** Task inputs follows **

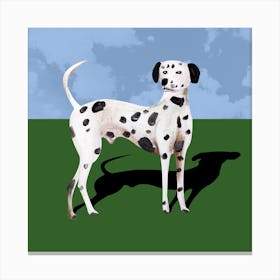 Dalmatian In A Park dag painting pet animal square sky blue green nature Canvas Print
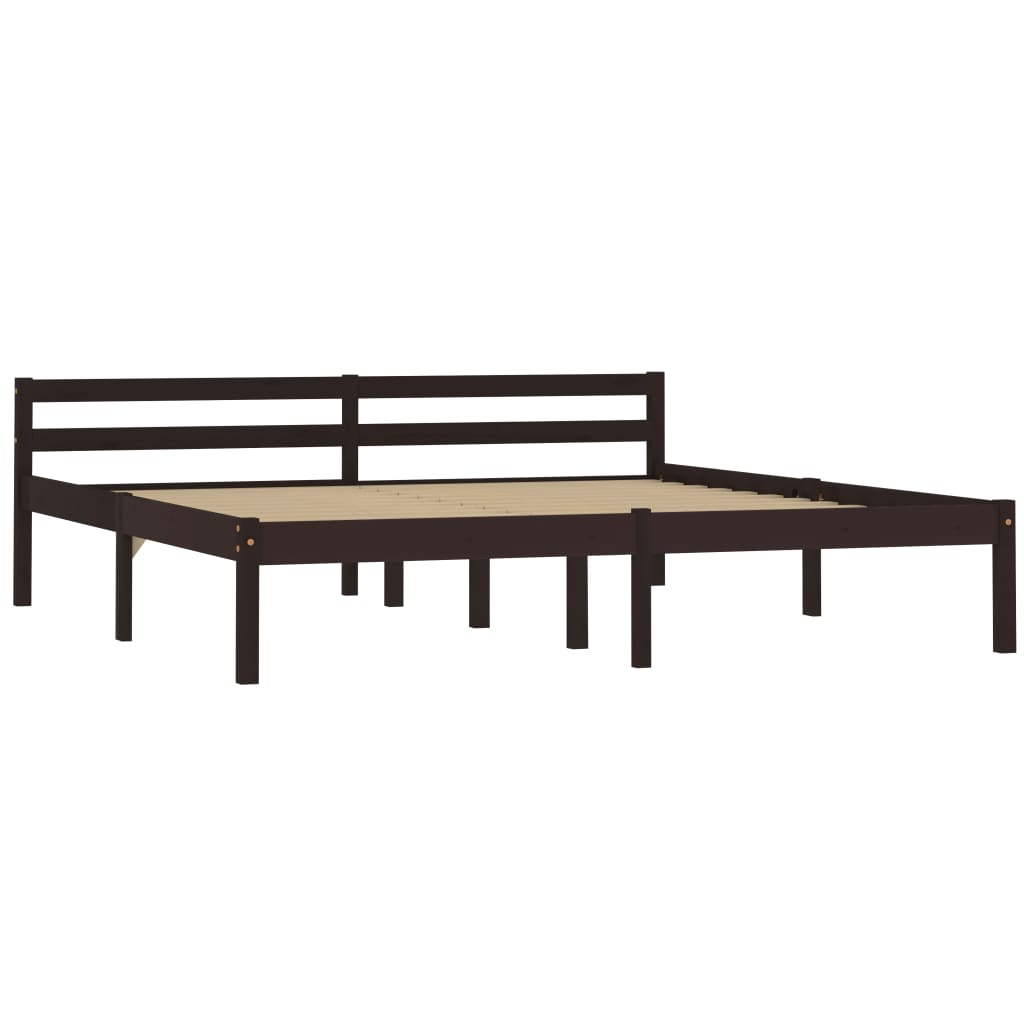 Cadre de lit sans matelas marron foncé pin massif 160 x 200 cm - 2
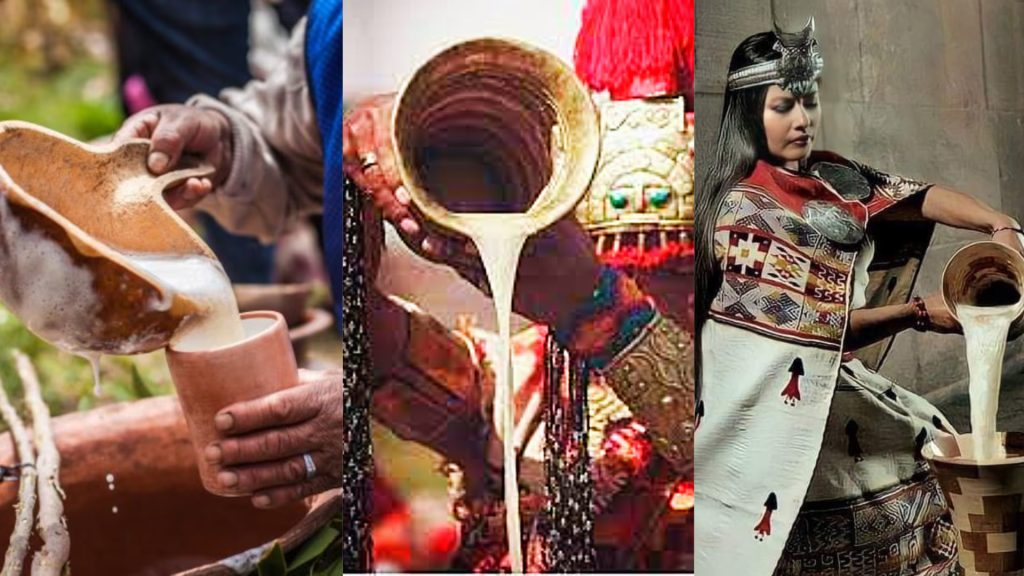 Three traditional Andean scenes showing individuals pouring Chicha de Jora from decorated vessels as part of cultural rituals – Ali Peru Treks
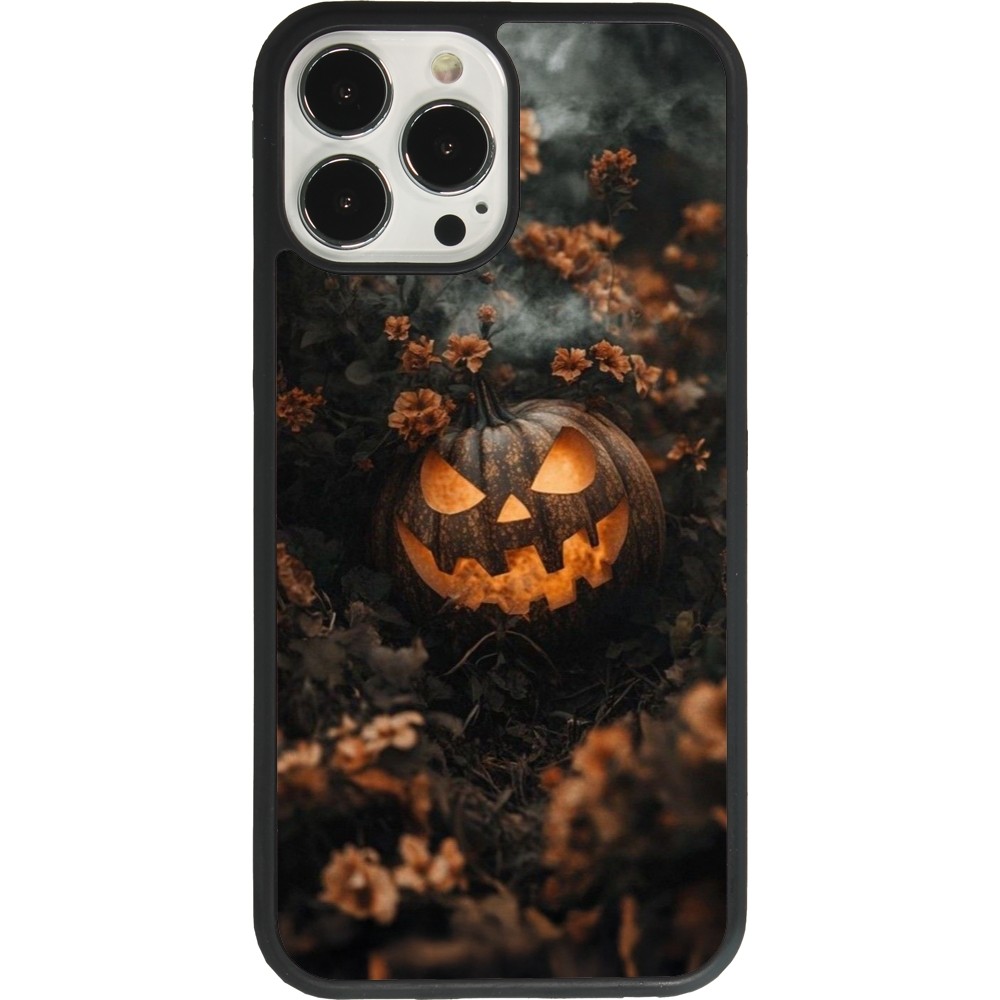 Coque iPhone 13 Pro Max - Silicone rigide noir Halloween 2025 Pumpkin with flowers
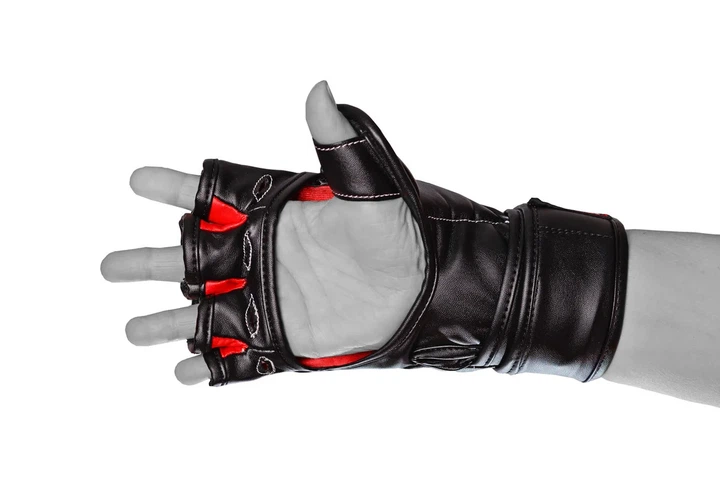 Перчатки для MMA Active Point искусственная кожа L/XL черные красные - изображение 2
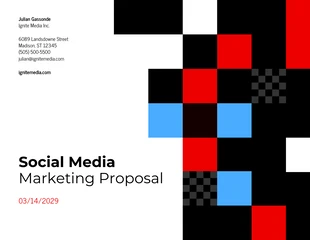 Free  Template: Proposition de marketing des médias sociaux en damier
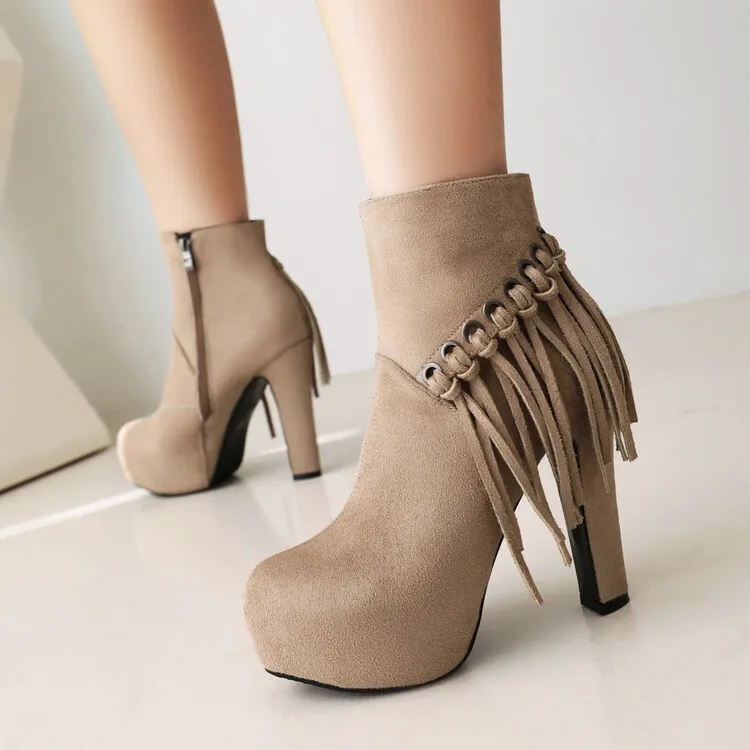 

Faux Suede Women Ankle Boots Fashion Tassel Round Head Chunky Heels Short Boots
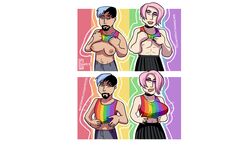 2019 areolae attribute_theft binder blue_hair breast_growth breasts chest_binder erect_nipples fake_breasts gender_transformation genderbend genderswap genderswap_(ftm) genderswap_(mtf) grumpy-tg large_breasts nipple_bulge nipples no_bra original pink_hair pride_color_clothing pride_colors rainbow rainbow_clothing signature size_theft trans_man trans_woman transfem transmasc white_background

** End of Task inputs **

▸ To do
The answer must consist solely of the lines from the first line of the records through the line containing "Three traditional Andean", reproduced exactly and without the pictures.

▸ Exercise output
 Dalmatian In A Park dag painting pet animal square sky blue green nature Canvas Print
 Cadre de lit sans matelas marron foncé pin massif 160 x 200 cm - 2
 Three traditional Andean scenes showing individuals pouring Chicha de Jora from decorated vessels as part of cultural rituals – Ali Peru Treks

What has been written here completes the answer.